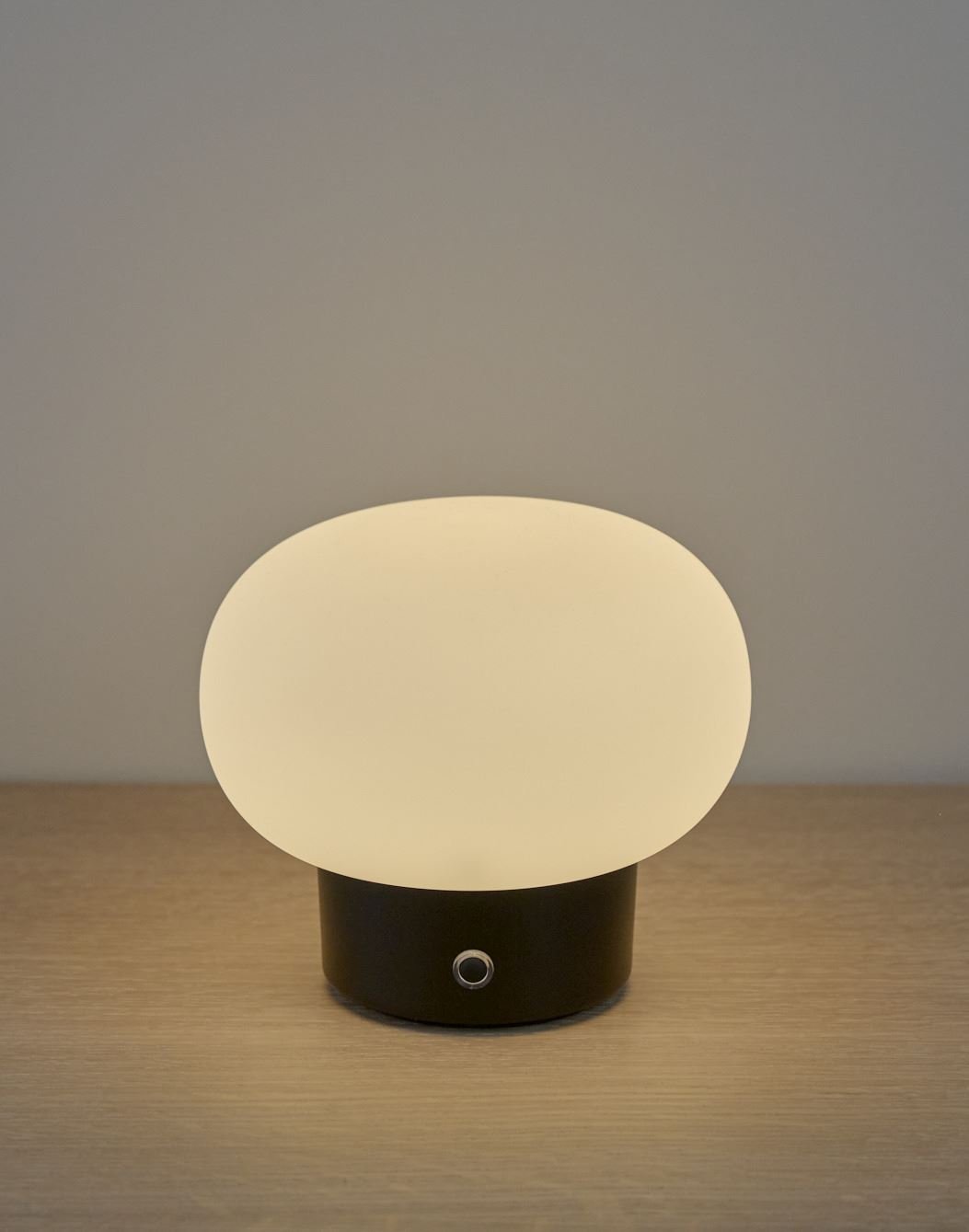 Batteridriven lampa svart - 2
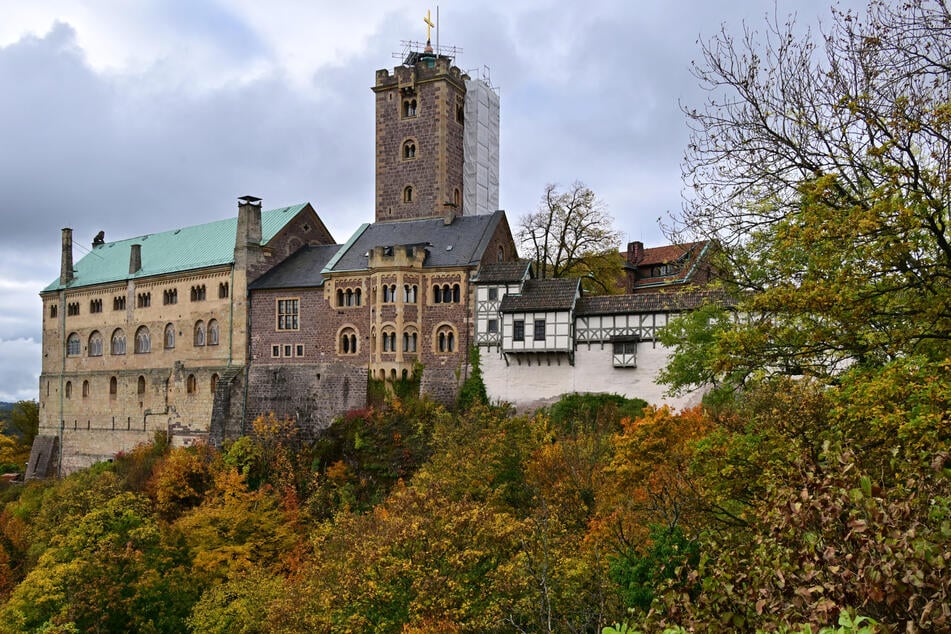 Der Weihnachtsmarkt auf der Wartburg in Eisenach verzaubert mit historischem Ambiente, traditionellem Handwerk und mittelalterlicher Stimmung. (Archivbild)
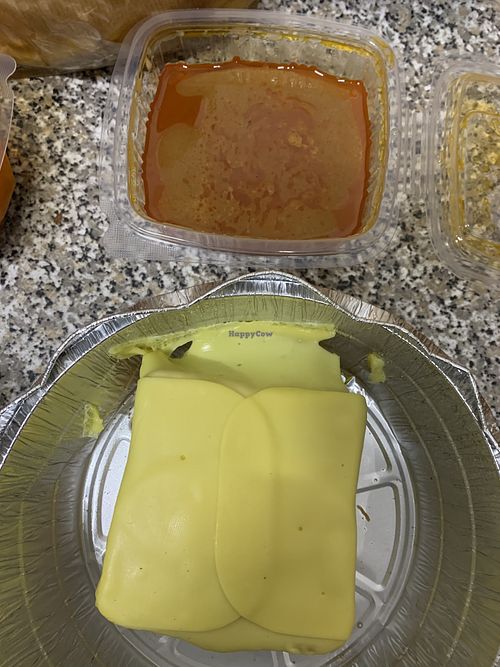 Sauce comes on the side at Francesinha em Casa in Portimao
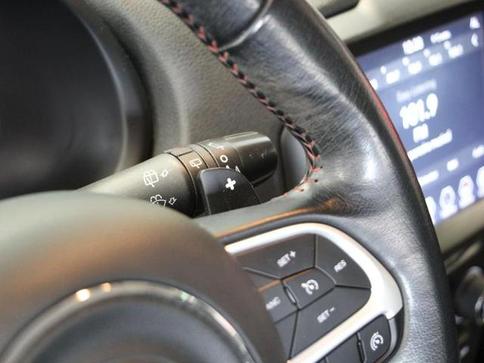 JEEP RENEGADE THAWK AT D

=====

What the exercise asks: Copy out the whole listing word for word, except for any picture it includes.

Expected answer:
 Batteridriven lampa svart - 2
 Der Weihnachtsmarkt auf der Wartburg in Eisenach verzaubert mit historischem Ambiente, traditionellem Handwerk und mittelalterlicher Stimmung. (Archivbild)
 Sauce comes on the side at Francesinha em Casa in Portimao
 JEEP RENEGADE THAWK AT D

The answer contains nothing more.